§ What you will do
In the records that follow, the lines from the one containing "Size: 2048x1535 |" to the one containing "Set di illustrazione", inclusive, are to be given again exactly.

--- Given data Enclosed Below ---

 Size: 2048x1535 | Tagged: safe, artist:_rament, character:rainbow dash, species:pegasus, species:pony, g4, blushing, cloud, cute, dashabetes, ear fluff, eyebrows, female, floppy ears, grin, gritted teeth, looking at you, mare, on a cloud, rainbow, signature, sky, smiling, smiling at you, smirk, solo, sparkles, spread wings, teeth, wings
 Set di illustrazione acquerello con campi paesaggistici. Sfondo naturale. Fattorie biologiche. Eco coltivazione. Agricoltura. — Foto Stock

--- End of Enclosed Given data ---
--- Given data Enclosed Below ---

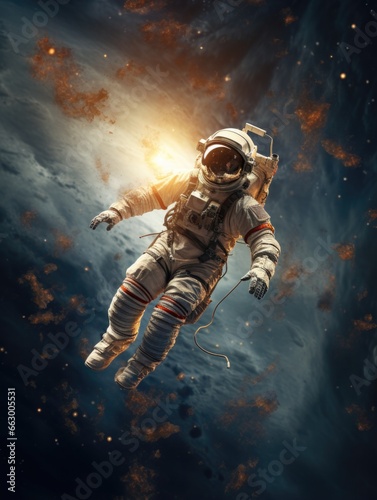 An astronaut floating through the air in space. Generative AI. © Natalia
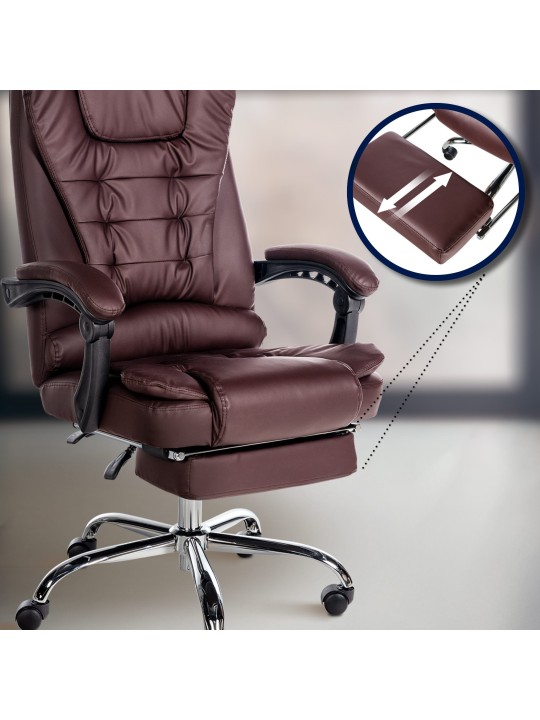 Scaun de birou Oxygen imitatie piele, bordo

--- End of Enclosed Given data ---

§ Solution to this exercise
 Size: 2048x1535 | Tagged: safe, artist:_rament, character:rainbow dash, species:pegasus, species:pony, g4, blushing, cloud, cute, dashabetes, ear fluff, eyebrows, female, floppy ears, grin, gritted teeth, looking at you, mare, on a cloud, rainbow, signature, sky, smiling, smiling at you, smirk, solo, sparkles, spread wings, teeth, wings
 Set di illustrazione acquerello con campi paesaggistici. Sfondo naturale. Fattorie biologiche. Eco coltivazione. Agricoltura. — Foto Stock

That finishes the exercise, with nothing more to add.